### INSTRUCTIONS TO FOLLOW
Begin at the line that has "Image of Nilight", stop after the line that has "Grande Sculpture Doberman", and print exactly those lines from the records below, without any pictures.

### SUPPLIED DATA
● ● ● ● ●

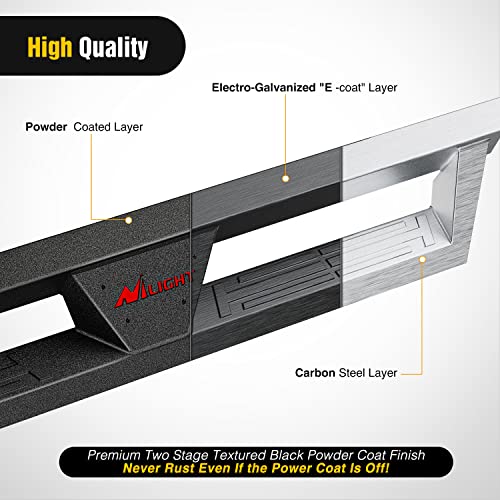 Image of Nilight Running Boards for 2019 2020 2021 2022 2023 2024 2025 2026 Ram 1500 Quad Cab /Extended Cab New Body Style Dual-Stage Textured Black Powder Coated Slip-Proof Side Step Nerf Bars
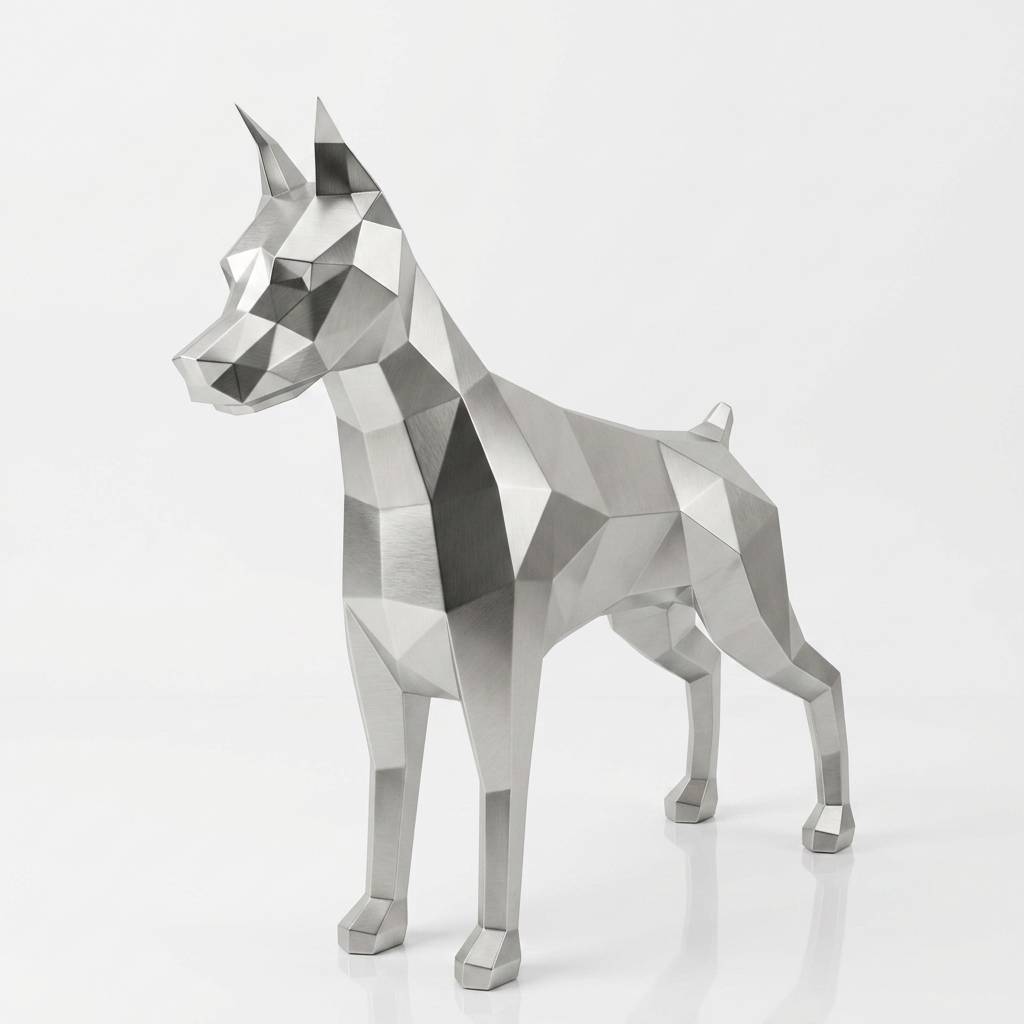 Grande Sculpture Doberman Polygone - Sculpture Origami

● ● ● ● ●

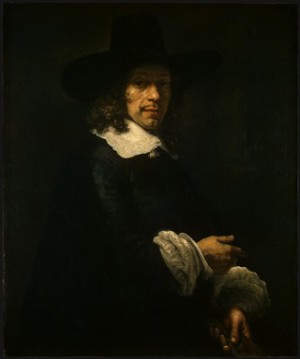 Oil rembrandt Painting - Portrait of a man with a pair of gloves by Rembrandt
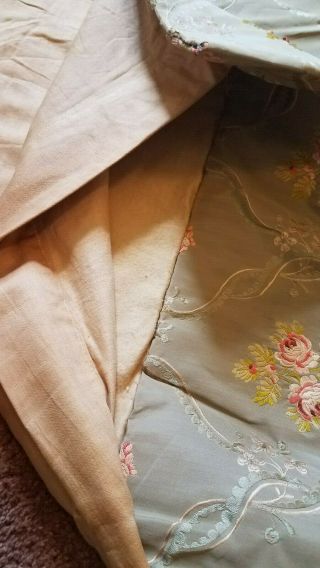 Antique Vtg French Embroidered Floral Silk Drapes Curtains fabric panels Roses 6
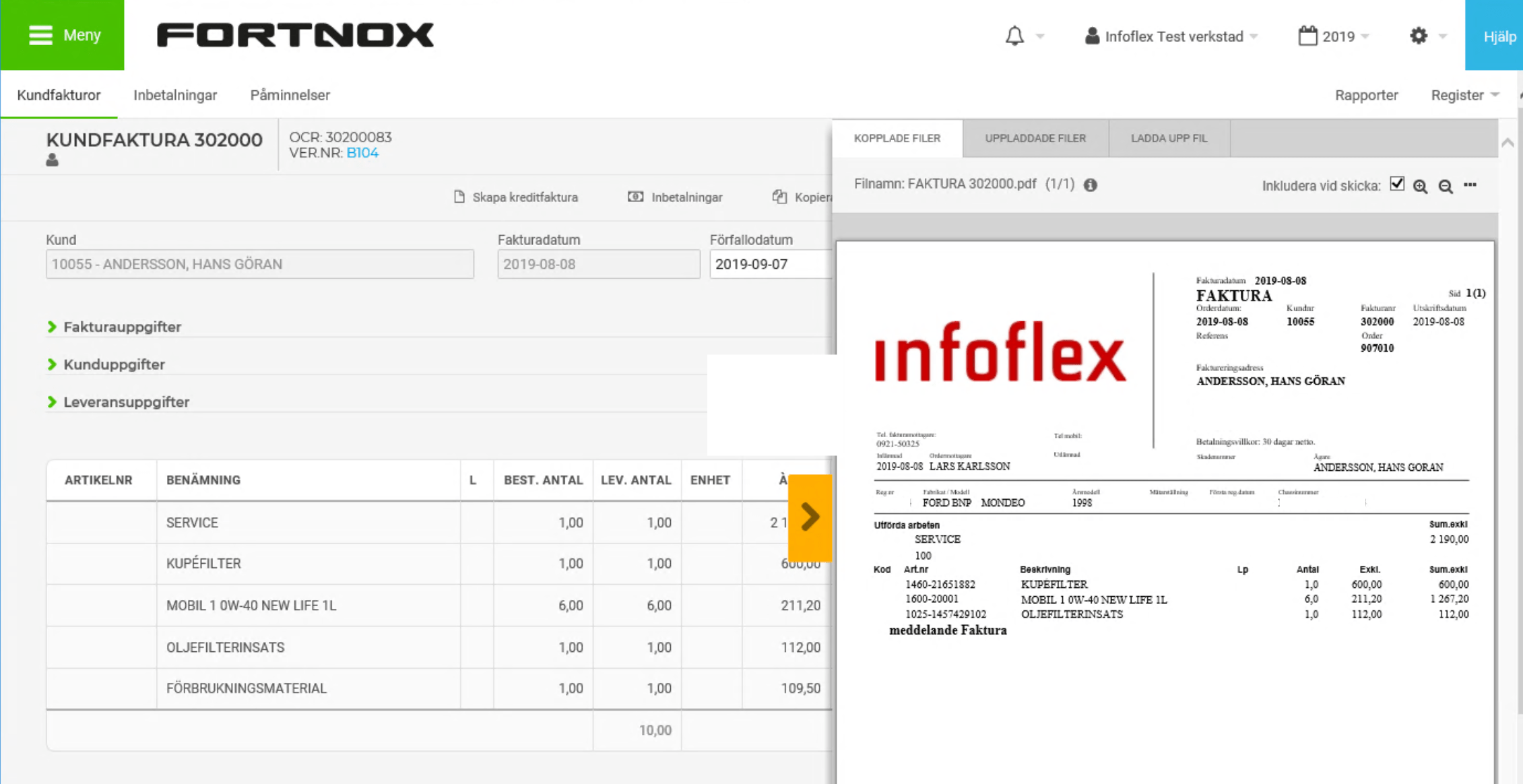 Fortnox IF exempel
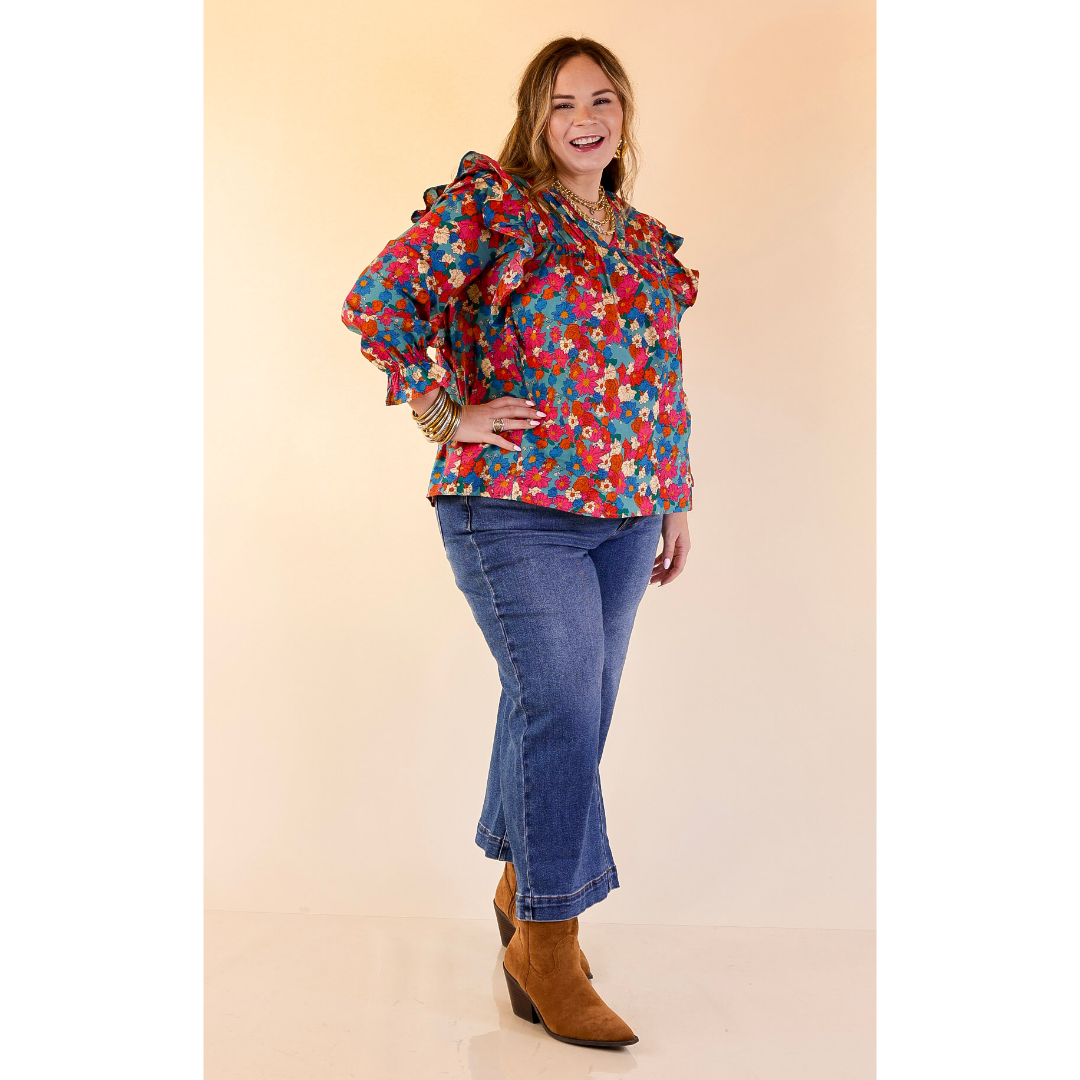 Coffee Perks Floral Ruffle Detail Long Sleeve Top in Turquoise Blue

● ● ● ● ●

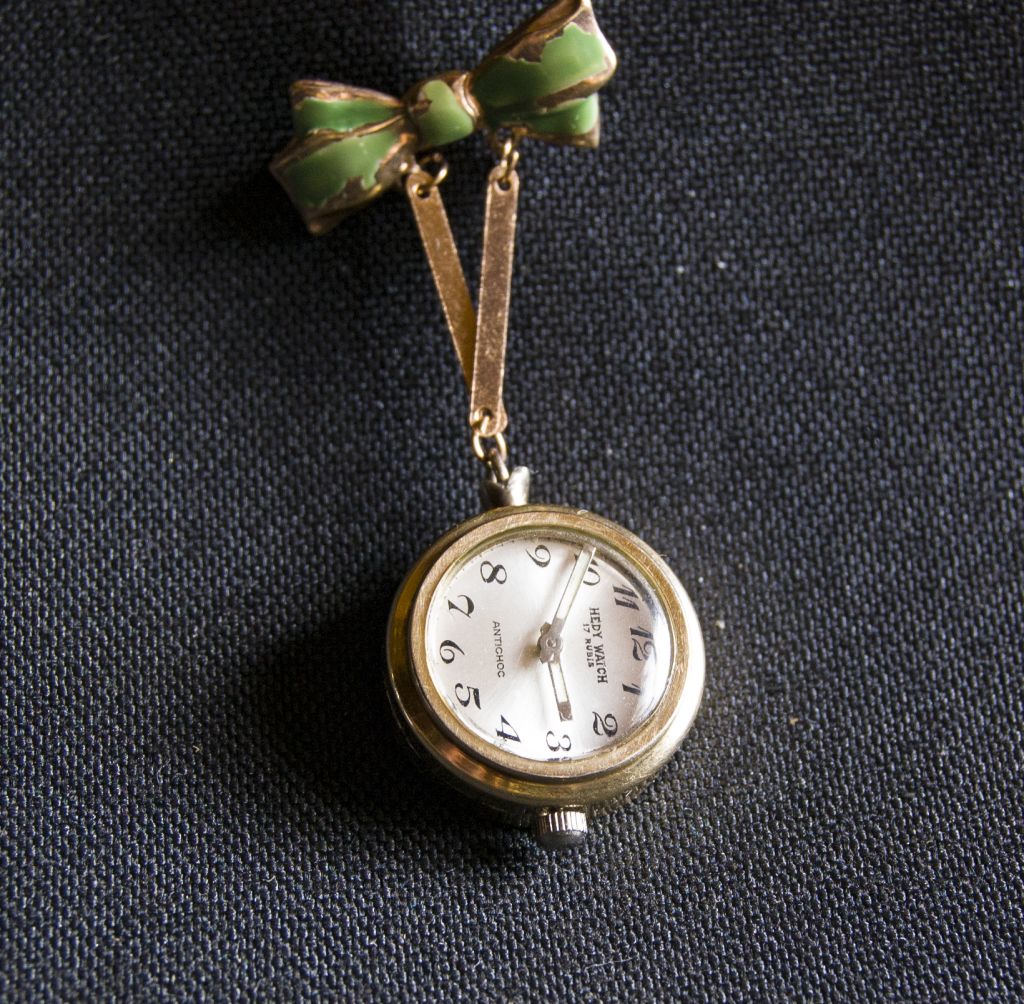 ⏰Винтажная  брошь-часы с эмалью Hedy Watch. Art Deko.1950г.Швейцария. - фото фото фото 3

● ● ● ● ●

### RESPONSE TO THIS EXERCISE
 Image of Nilight Running Boards for 2019 2020 2021 2022 2023 2024 2025 2026 Ram 1500 Quad Cab /Extended Cab New Body Style Dual-Stage Textured Black Powder Coated Slip-Proof Side Step Nerf Bars
 Grande Sculpture Doberman Polygone - Sculpture Origami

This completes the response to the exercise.